Am Monday 30 November 2009 18:48:21 schrieb Phil Endecott:
> Helge Bahmann wrote:
> > why would you ever want to use a mutex that does not properly inform the
> > system scheduler until when the calling thread should be suspended (in
> > case of contention) for "true" inter-thread (or even inter-process)
> > coordination?
> When you believe that the probability of contention is very small, and
> you care only about average and not worst-case performance, and you
> wish to avoid the overhead (e.g. time or code or data size) of
> "properly informing" the system scheduler.

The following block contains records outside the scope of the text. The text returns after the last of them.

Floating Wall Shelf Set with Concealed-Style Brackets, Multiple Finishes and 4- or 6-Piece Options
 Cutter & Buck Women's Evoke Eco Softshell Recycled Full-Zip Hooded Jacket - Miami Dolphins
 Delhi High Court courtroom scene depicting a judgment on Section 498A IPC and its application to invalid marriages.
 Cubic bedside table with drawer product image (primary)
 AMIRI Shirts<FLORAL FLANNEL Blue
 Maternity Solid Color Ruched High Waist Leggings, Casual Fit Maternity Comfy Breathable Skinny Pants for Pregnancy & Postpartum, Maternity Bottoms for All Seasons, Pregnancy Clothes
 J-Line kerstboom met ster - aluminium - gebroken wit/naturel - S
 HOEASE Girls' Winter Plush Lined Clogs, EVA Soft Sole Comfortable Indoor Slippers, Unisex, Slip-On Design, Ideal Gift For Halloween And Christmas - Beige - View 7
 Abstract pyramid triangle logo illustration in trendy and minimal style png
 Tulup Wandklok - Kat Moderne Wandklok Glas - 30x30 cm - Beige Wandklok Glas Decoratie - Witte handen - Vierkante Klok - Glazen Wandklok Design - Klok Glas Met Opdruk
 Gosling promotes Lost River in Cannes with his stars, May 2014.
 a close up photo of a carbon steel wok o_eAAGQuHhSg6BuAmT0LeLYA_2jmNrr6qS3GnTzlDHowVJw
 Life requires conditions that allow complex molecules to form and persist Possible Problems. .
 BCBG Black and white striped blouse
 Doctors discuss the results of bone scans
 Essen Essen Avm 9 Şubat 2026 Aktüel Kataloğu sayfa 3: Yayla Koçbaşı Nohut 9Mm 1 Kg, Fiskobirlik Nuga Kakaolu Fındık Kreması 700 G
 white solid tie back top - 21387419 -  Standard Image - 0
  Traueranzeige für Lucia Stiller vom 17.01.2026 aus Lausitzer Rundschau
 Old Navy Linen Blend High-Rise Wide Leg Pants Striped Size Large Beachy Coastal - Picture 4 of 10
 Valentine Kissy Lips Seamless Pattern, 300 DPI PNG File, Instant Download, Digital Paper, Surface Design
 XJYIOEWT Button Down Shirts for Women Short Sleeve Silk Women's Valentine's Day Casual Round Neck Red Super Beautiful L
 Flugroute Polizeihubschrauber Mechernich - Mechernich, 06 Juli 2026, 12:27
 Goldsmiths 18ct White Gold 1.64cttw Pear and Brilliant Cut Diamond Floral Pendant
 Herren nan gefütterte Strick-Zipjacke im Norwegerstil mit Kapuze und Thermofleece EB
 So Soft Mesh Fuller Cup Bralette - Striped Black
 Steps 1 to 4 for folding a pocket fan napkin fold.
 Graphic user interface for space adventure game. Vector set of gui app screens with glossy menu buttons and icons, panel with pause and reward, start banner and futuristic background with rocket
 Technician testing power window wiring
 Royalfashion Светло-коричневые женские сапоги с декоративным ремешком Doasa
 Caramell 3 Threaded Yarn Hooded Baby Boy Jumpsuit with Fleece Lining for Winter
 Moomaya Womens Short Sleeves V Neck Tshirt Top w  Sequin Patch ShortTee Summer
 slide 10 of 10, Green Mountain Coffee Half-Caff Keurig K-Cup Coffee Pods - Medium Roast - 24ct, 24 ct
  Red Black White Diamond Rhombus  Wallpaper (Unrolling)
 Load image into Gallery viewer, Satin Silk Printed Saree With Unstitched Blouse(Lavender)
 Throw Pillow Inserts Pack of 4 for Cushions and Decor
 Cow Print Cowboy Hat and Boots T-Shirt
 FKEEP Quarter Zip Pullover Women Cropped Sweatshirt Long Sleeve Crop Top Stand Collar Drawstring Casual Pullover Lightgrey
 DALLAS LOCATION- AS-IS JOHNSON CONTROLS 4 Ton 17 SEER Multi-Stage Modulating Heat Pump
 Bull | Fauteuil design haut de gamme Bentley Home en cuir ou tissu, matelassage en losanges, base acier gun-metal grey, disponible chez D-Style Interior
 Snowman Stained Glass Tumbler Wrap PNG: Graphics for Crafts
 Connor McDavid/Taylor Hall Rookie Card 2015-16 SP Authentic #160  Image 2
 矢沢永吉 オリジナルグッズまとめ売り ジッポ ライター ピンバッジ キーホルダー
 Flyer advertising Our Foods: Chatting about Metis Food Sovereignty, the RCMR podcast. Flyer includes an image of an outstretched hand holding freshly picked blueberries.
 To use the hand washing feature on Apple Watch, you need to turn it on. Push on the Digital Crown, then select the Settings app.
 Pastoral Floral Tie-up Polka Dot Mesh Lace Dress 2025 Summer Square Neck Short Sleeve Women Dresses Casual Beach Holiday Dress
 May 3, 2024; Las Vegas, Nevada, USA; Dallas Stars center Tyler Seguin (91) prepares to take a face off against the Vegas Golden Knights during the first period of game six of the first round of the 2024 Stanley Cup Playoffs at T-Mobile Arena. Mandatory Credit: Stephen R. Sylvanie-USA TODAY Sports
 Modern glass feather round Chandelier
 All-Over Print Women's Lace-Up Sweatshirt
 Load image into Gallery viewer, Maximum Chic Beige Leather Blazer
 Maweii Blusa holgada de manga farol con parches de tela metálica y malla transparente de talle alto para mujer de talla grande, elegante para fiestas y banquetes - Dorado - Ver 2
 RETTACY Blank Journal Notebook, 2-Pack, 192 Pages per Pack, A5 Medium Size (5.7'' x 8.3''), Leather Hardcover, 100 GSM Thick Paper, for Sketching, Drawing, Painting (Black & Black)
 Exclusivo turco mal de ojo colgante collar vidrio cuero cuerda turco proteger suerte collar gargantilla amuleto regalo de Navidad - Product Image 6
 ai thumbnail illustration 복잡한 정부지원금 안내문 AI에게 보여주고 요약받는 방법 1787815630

in the non-contention case, a properly implemented platform mutex will

1. compare_exchange with acquire semantic
2. detect contention with a single compare of the value obtained in step 1

< your protected code here >

3. compare_exchange with release semantic
4. detect contention with a single compare of the value obtained in step 3 and
wake suspended threads

A clever implementation of course handles contention out-of-line. if you don't
believe me, just disassemble pthread_mutex_lock/unlock on any linux system.

FWIW, I just exercised a CAS-based mutex as you proposed (using the
__sync_val_compare_and_exchange intrinsic), in a tight lock/unlock cycle on
a Linux/PPC32 system and... it is 25% *slower* than the glibc
pthread_mutex_lock/unlock based one! This is the "no contention case" you aim
to optimize for... (a "proper" CAS-based mutex using inline assembly and with
weaker memory barriers, is 10% faster, mainly because it eliminates the
function call overhead). BTW we are talking about gains of ~5-10 clock cycles
per operation here...

As for the space overhead of a pthread_mutex_t... if you cannot pay that, just
use hashed locks.

Last note: calling "sched_yield" on contention is about the *worst* thing you
can do -- linux/glibc will call futex(..., FUTEX_WAIT, ...) instead on
contention, which can properly suspend the thread exactly until the lock is
released *and* is about 1/2 - 2/3 the cost of sched_yield in the case the
lock was released before the thread could be put to sleep.

Whatever gains you think you may achieve, you won't. There is justification
for rolling your own locking scheme for user-space scheduling (as the fiber
library does), but otherwise just don't do it.